_TASK GOAL_
This task calls for the lines below starting at the one containing "tiled bedroom with ceiling fan" and ending at the one containing "The shoreline is", repeated exactly with both ends kept and pictures left out.

_LISTED RECORDS_
──────────────────────────────
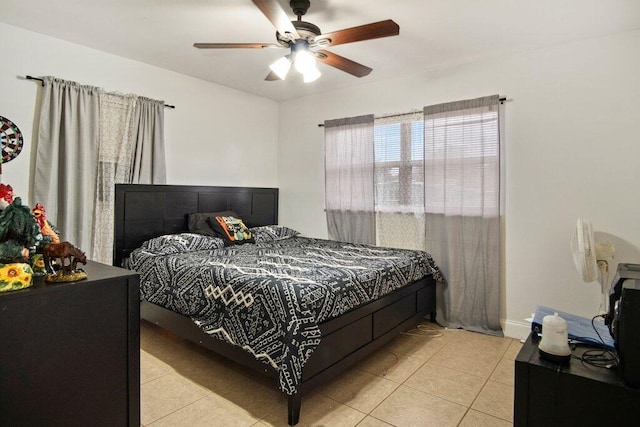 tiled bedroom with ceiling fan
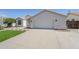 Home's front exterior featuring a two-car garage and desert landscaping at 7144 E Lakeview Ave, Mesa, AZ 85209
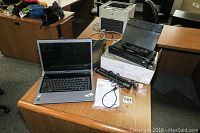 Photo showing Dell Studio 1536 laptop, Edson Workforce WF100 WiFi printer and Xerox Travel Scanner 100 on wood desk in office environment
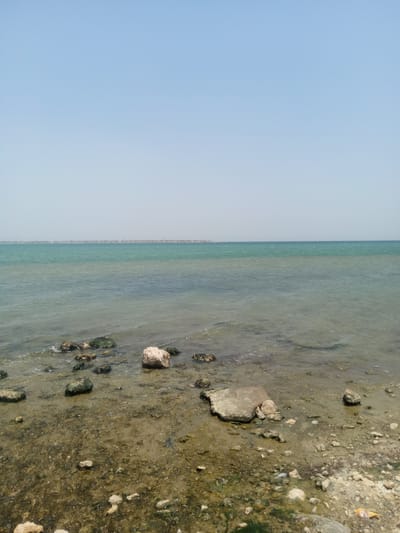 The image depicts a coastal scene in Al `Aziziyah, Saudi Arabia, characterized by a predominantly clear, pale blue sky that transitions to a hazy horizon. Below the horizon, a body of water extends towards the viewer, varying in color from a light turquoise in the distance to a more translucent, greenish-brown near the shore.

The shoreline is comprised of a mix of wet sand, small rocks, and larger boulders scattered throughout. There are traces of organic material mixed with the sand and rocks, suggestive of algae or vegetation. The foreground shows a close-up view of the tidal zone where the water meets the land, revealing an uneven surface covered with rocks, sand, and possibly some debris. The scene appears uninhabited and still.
──────────────────────────────
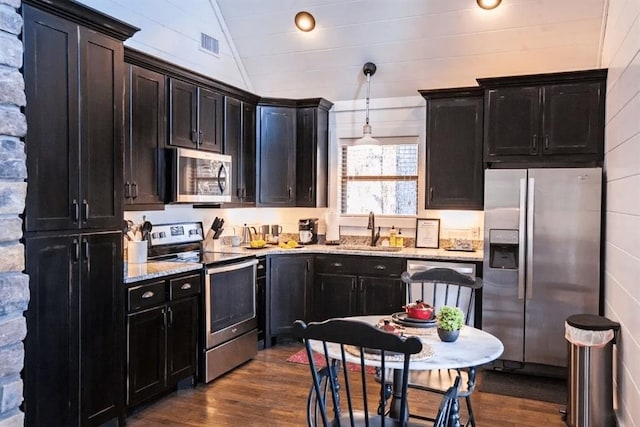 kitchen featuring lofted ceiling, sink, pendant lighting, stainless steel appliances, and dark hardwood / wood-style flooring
──────────────────────────────
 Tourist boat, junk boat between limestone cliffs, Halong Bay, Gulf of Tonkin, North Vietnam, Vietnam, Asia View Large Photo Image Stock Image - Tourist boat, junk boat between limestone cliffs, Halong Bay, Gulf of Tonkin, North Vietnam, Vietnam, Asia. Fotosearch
──────────────────────────────
_PROBLEM SOLUTION_
 tiled bedroom with ceiling fan
 Home's front exterior featuring a two-car garage and desert landscaping at 7144 E Lakeview Ave, Mesa, AZ 85209
 Photo showing Dell Studio 1536 laptop, Edson Workforce WF100 WiFi printer and Xerox Travel Scanner 100 on wood desk in office environment
 The image depicts a coastal scene in Al `Aziziyah, Saudi Arabia, characterized by a predominantly clear, pale blue sky that transitions to a hazy horizon. Below the horizon, a body of water extends towards the viewer, varying in color from a light turquoise in the distance to a more translucent, greenish-brown near the shore.

The shoreline is comprised of a mix of wet sand, small rocks, and larger boulders scattered throughout. There are traces of organic material mixed with the sand and rocks, suggestive of algae or vegetation. The foreground shows a close-up view of the tidal zone where the water meets the land, revealing an uneven surface covered with rocks, sand, and possibly some debris. The scene appears uninhabited and still.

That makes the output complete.